Pour lui, que l'on soit réfugié politique ou réfugié dans nos propres doutes et certitudes, nous avions tous le même statut. Et j'étais la, voyageant depuis un moment avec mes carnets de bord et mon « Afghan Box », - cette mystérieuse boîte en bois me servant à la fois d'appareil photo et de labo de développement-, a me demander quel lien implicite reliait toutes ces personnes photographiées rencontrées sur mon chemin. Et si Jeff avait raison ?
Tout réfugié a une histoire à raconter, que ce soit par les mots, le cœur, le corps, ou par les émotions qu'il renvoi. Etait-ce ce que je voulais capturer et figer sur le papier baryté à l'aide des sels d'argent ? Et par la même occasion, comprendre mon rapport au monde, trouver ma propre place et l'affirmer ? Les paroles de Jeff me donnait le fil rouge d'une pratique que je croyais hasardeuse depuis des années, alors qu'elle s'approchait petit à petit du chemin initiatique. Comprendre les autres pour mieux se comprendre, et inversement. L'effet miroir est inévitable, et cette boîte, personnifiée en Cyclope au fil du temps, me le rappelait à chaque prise de vue.

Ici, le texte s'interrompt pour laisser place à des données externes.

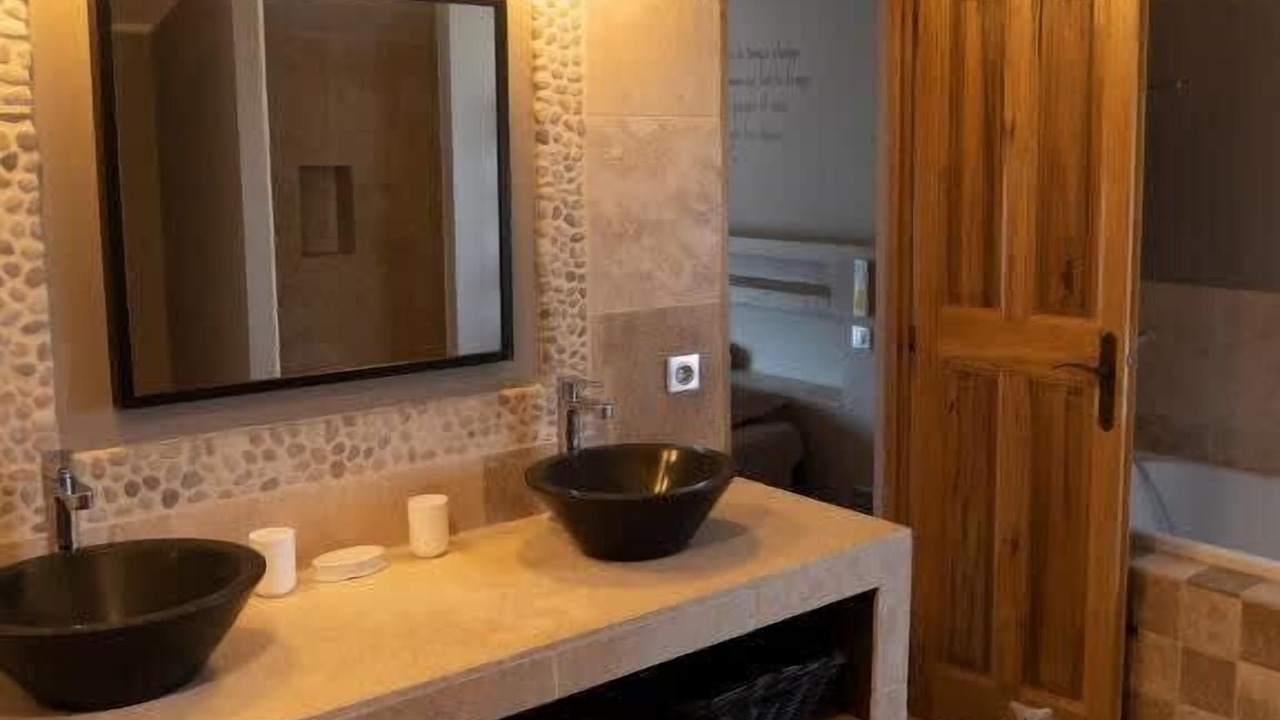 Photo of Bathroom in Apt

Ce procédé artisanal en noir et blanc contrasté me positionne à contre-courant face au flot d'image incessant déversé par le numérique.
Il est pourtant bon de ralentir le rythme, de se reconnecter avec l'autre et la matière. Abandonner les pixels et la couleur pour retrouver le bois, les odeurs des chimies et la texture du papier. Ne plus déclencher à tout va, mais se poser pour apprécier la lumière, cadrer, et discuter avec celui qui saura, durant ces deux secondes de lâcher prise, se dévoiler devant l'oeil du Cyclope.